Pictures must not appear in the copy. Restate exactly the lines below from the one with "FROM BEING A" through the one with "Borsdane Wood, Local", inclusive.

● Exercise materials:

════════════════════

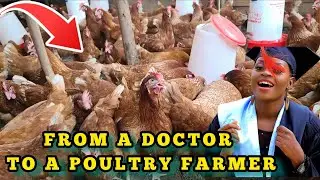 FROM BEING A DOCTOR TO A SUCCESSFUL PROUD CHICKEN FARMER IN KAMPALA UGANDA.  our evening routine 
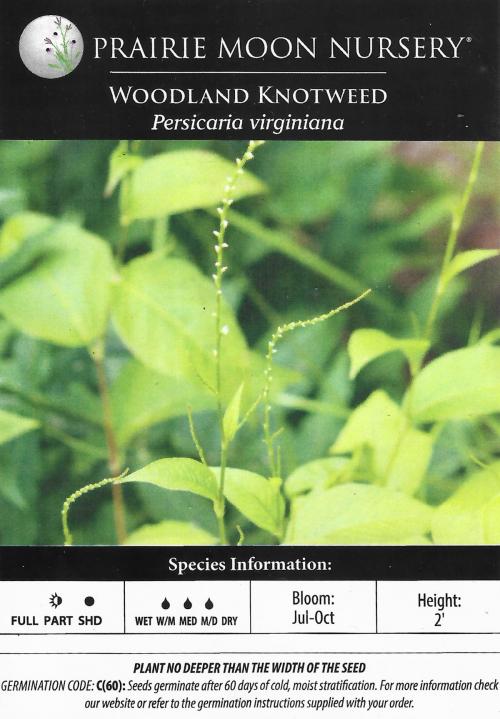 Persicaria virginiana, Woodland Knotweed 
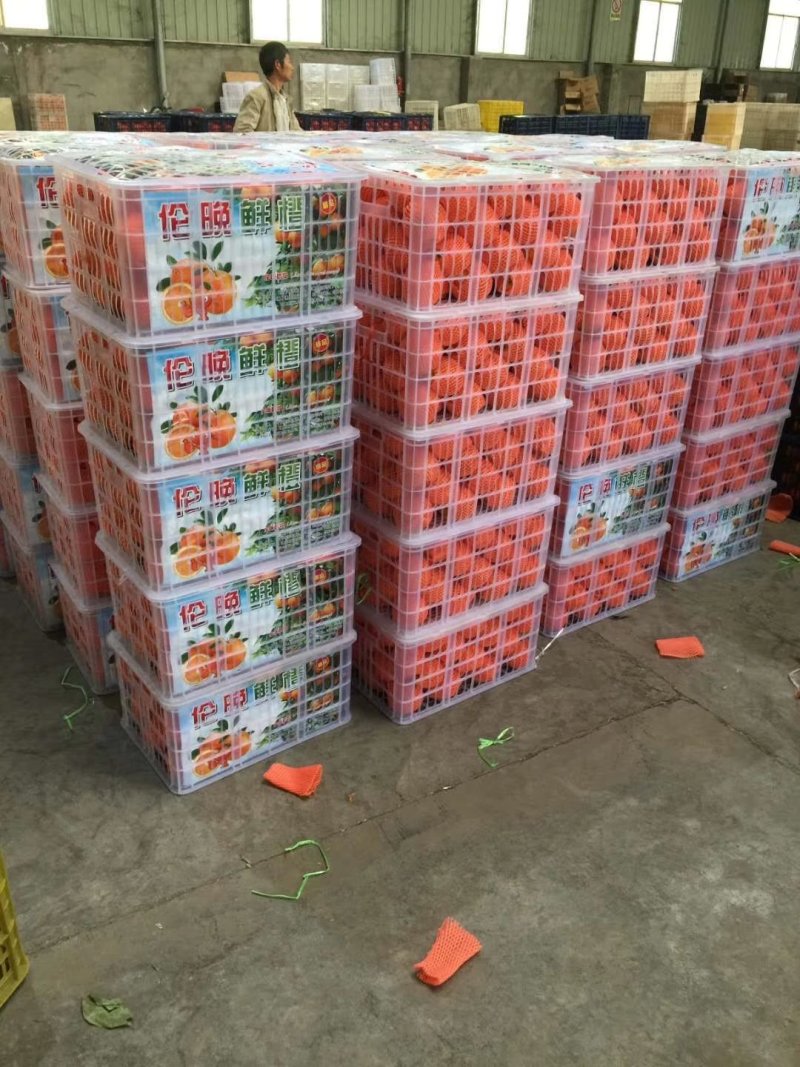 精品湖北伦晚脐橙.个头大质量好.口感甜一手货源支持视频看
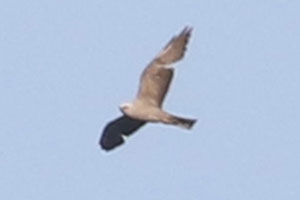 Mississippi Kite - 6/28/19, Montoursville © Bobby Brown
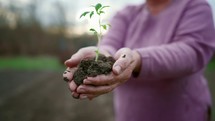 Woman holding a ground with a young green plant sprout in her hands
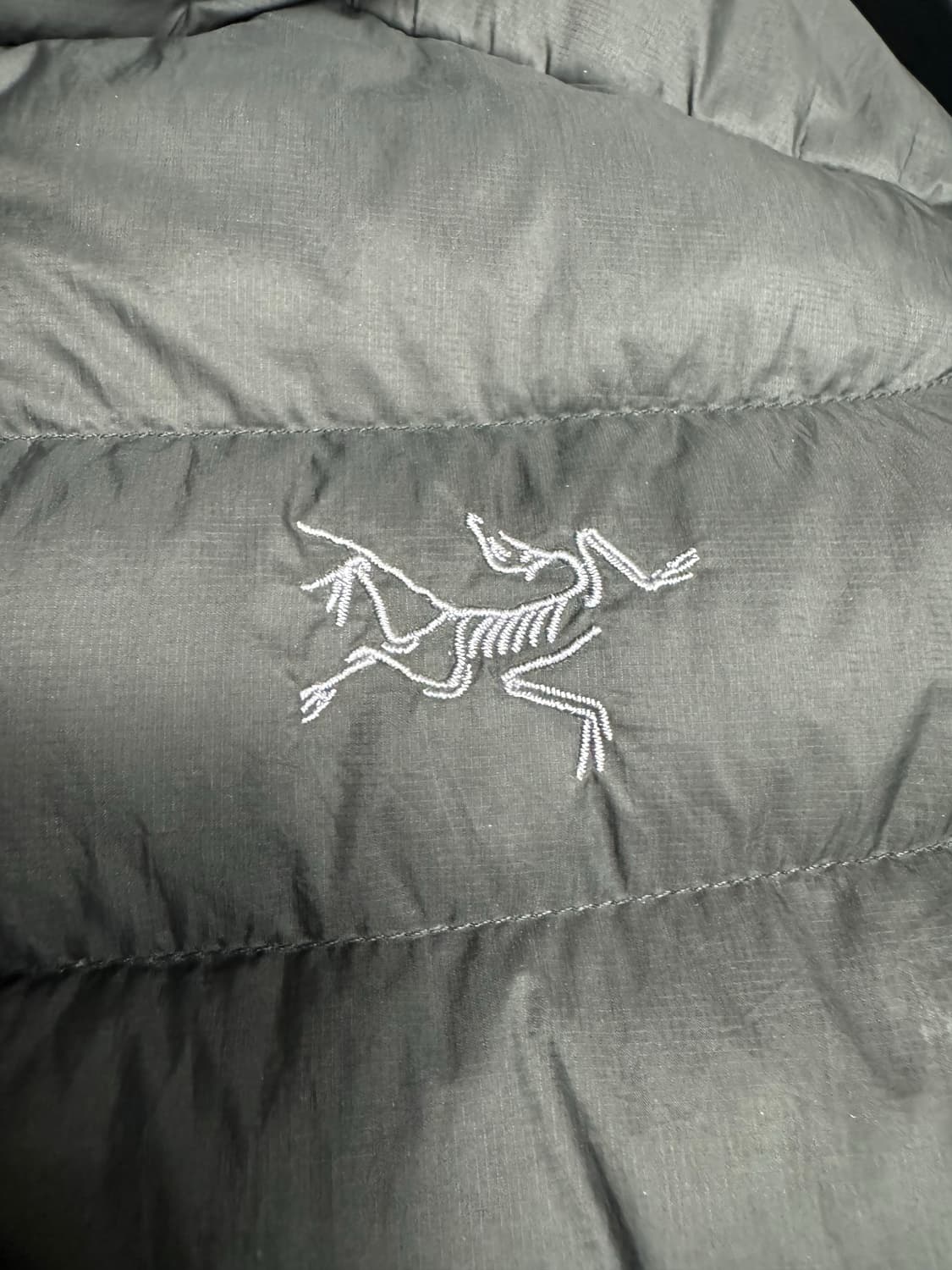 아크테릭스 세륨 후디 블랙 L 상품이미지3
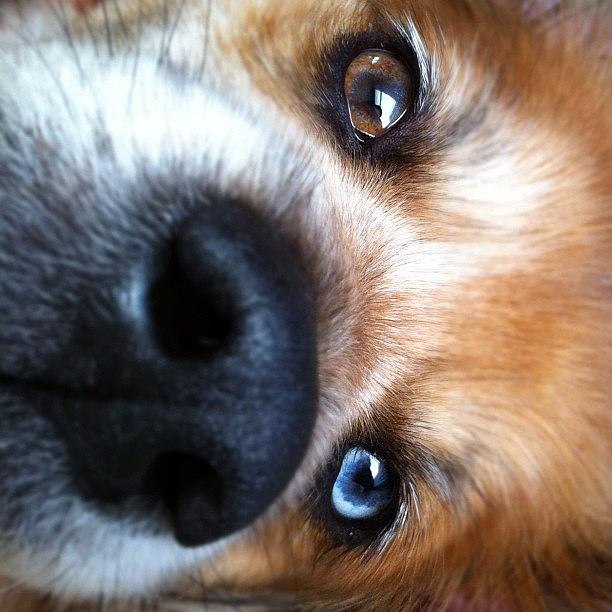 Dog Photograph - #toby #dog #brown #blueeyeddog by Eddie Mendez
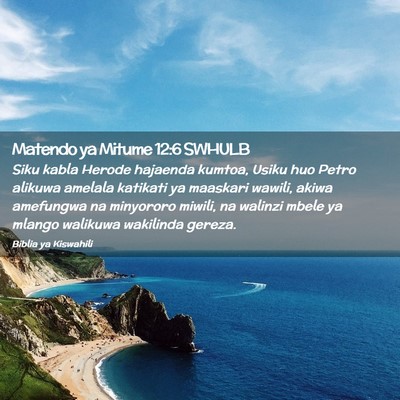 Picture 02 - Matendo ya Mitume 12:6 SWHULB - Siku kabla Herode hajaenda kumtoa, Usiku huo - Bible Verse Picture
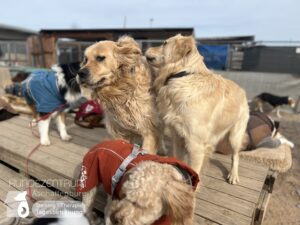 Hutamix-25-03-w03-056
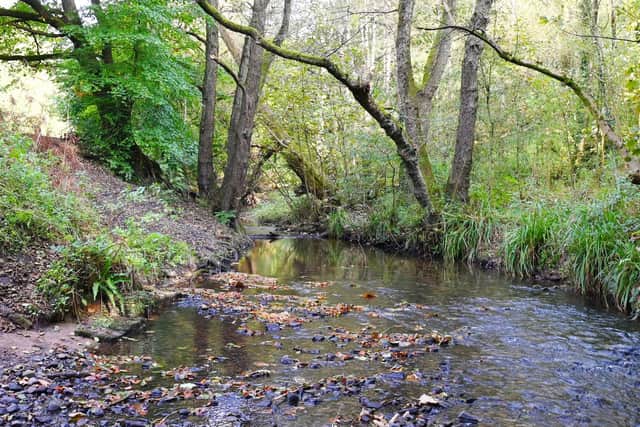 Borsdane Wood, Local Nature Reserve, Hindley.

════════════════════

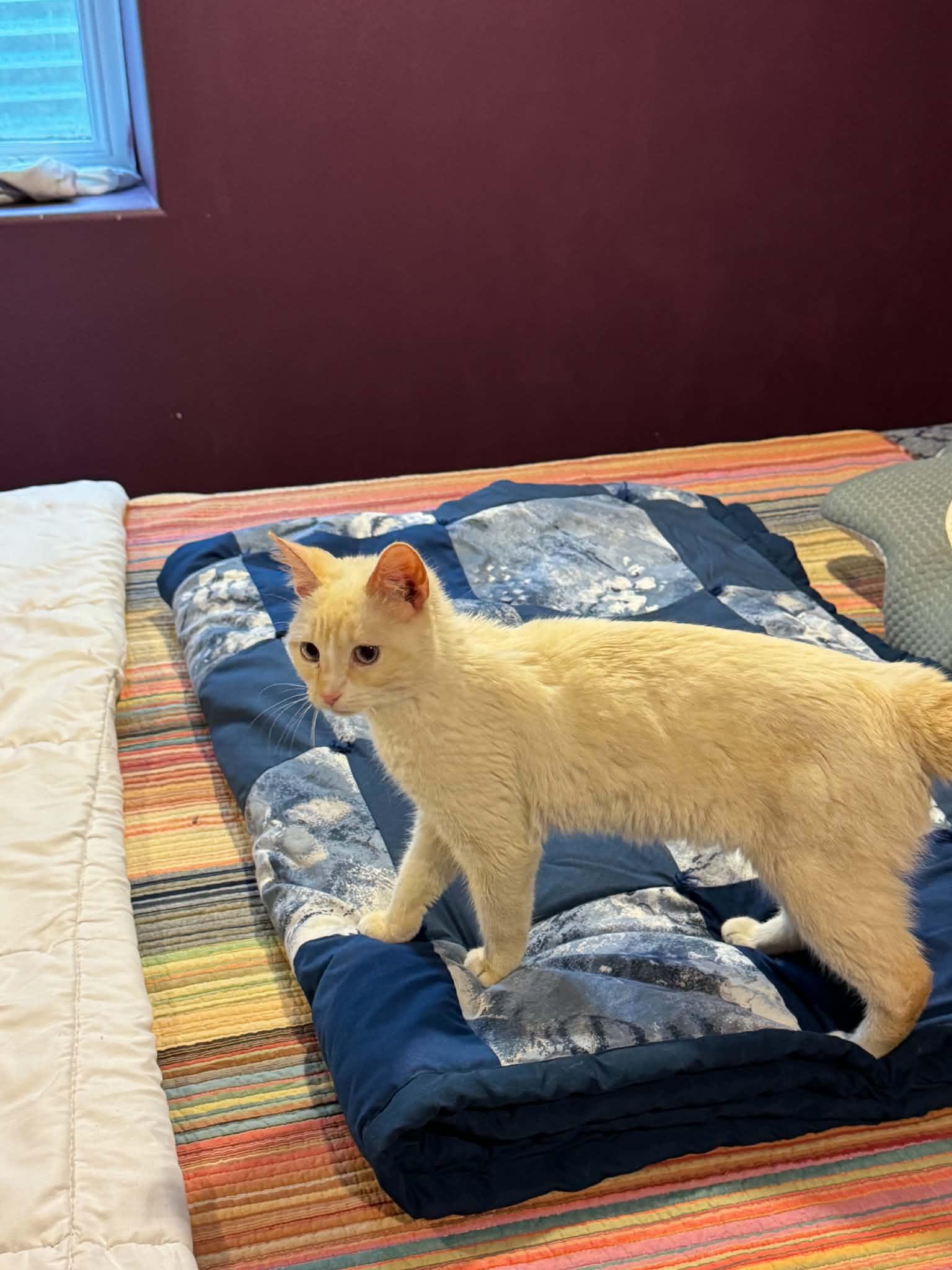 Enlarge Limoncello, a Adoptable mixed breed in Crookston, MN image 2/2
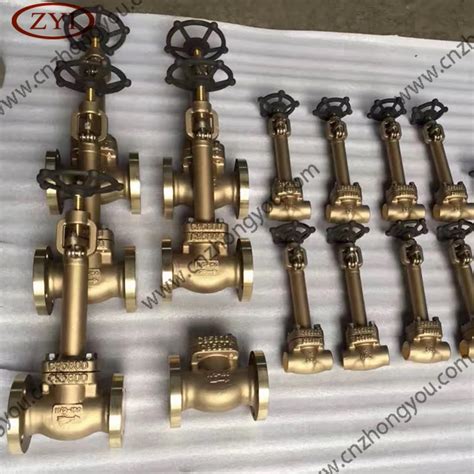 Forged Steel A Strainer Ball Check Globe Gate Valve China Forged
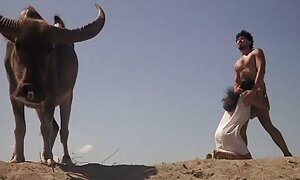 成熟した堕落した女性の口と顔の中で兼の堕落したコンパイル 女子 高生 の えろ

════════════════════

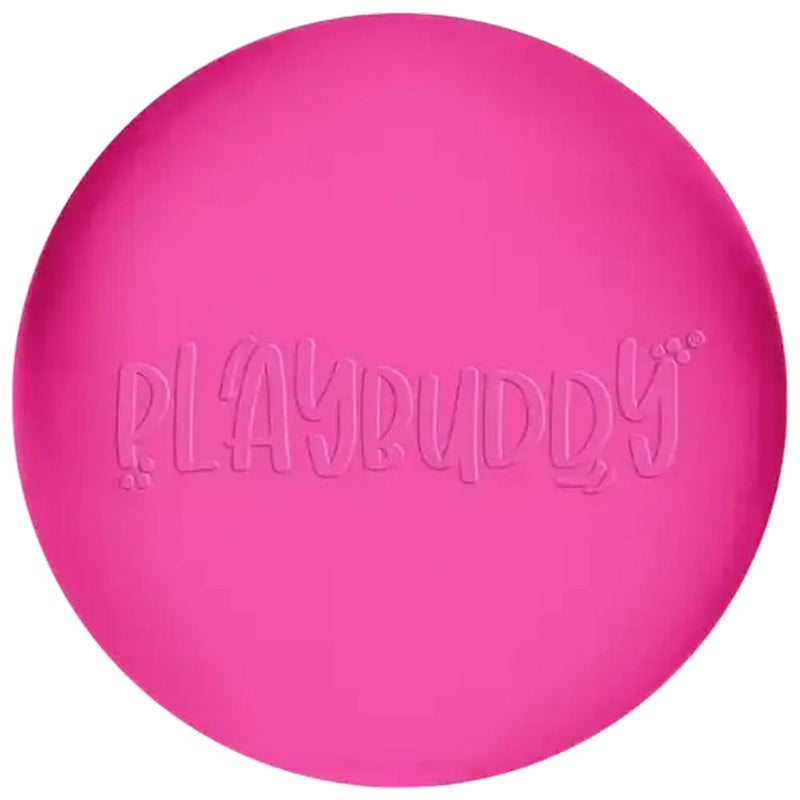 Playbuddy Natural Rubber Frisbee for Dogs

════════════════════

● Exercise result:
 FROM BEING A DOCTOR TO A SUCCESSFUL PROUD CHICKEN FARMER IN KAMPALA UGANDA.  our evening routine 
 Persicaria virginiana, Woodland Knotweed 
 精品湖北伦晚脐橙.个头大质量好.口感甜一手货源支持视频看
 Mississippi Kite - 6/28/19, Montoursville © Bobby Brown
 Woman holding a ground with a young green plant sprout in her hands
 아크테릭스 세륨 후디 블랙 L 상품이미지3
 Dog Photograph - #toby #dog #brown #blueeyeddog by Eddie Mendez
 Picture 02 - Matendo ya Mitume 12:6 SWHULB - Siku kabla Herode hajaenda kumtoa, Usiku huo - Bible Verse Picture
 Hutamix-25-03-w03-056
 Borsdane Wood, Local Nature Reserve, Hindley.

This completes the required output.